01.12.2014, 14:50, "Charles Lepple" <clep...@gmail.com>:
> On Dec 1, 2014, at 4:11 AM, Victor Porton <por...@narod.ru> wrote:
>>  battery.voltage: 13.70
>>  battery.voltage.high: 13.00
>>  battery.voltage.low: 10.40
>
> These are the voltage thresholds for the UPS, so theoretically the UPS will 
> send the LB signal when the battery voltage goes lower than 10.40 Volts.
>
> Also, if battery.charge works, you can use "ignorelb" if you want to shut 
> down at another level of charge:
>
> http://www.networkupstools.org/docs/man/ups.conf.html#_ups_fields
>>  ups.delay.shutdown: 30
>>  ups.delay.start: 180
>
> These timers are in seconds. You will want to verify this, but according to 
> those values, the UPS will shut off its output 30 seconds after the shutdown 
> signal (so you need to make sure that your OS shutdown takes less time than 
> that).
>
> Does "upsrw -l advice" show anything?

$ upsrw -l advice
upsrw: invalid option -- 'l'
Network UPS Tools upsrw 2.7.2

usage: upsrw [-h]
       upsrw [-s <variable>] [-u <username>] [-p <password>] <ups>

Demo program to set variables within UPS hardware.

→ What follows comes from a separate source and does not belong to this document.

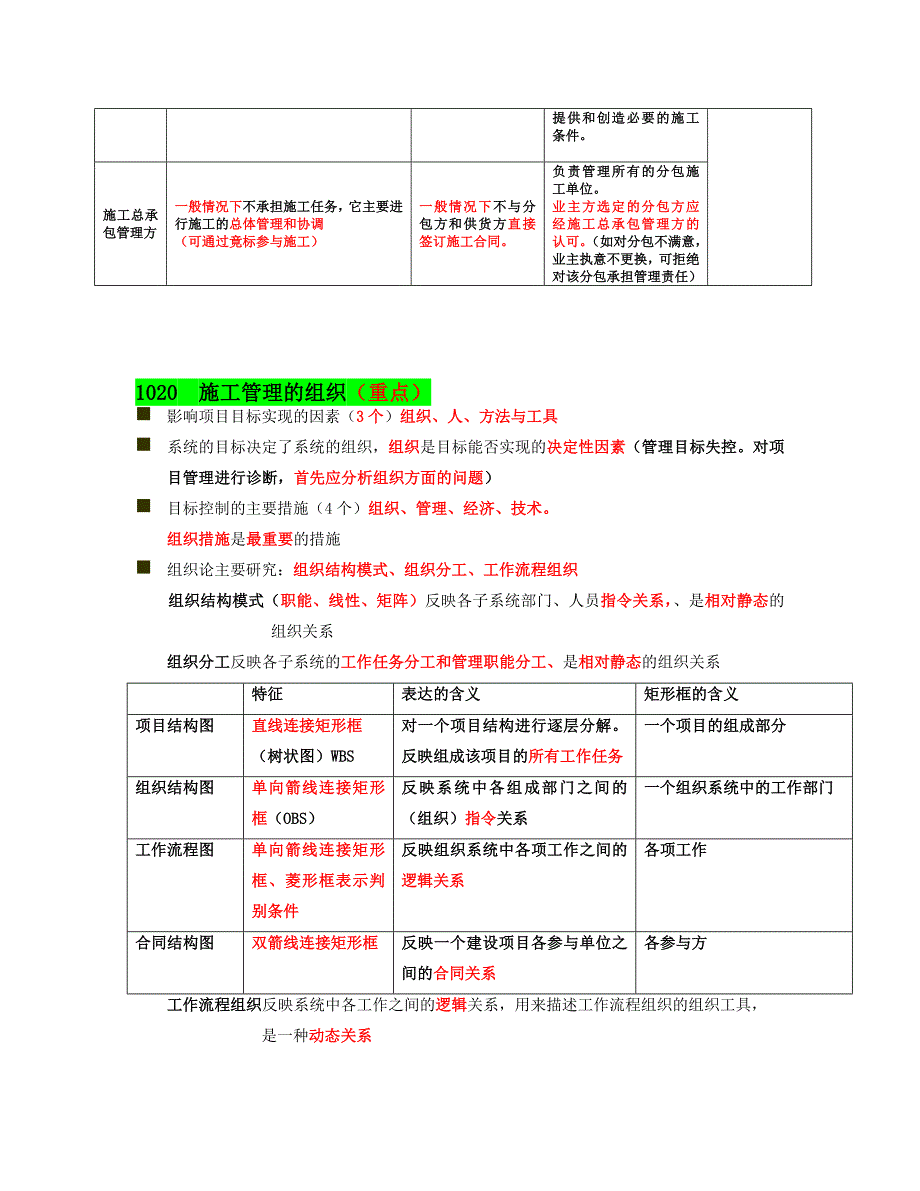 【荐】2015年二级建造师考试建设工程施工管理学习笔记精编精选_第3页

  -h            display this help text
  -s <variable> specify variable to be changed
                use -s VAR=VALUE to avoid prompting for value
  -u <username> set username for command authentication
  -p <password> set password for command authentication

  <ups>         UPS identifier - <upsname>[@<hostname>[:<port>]]

Call without -s to show all possible read/write variables.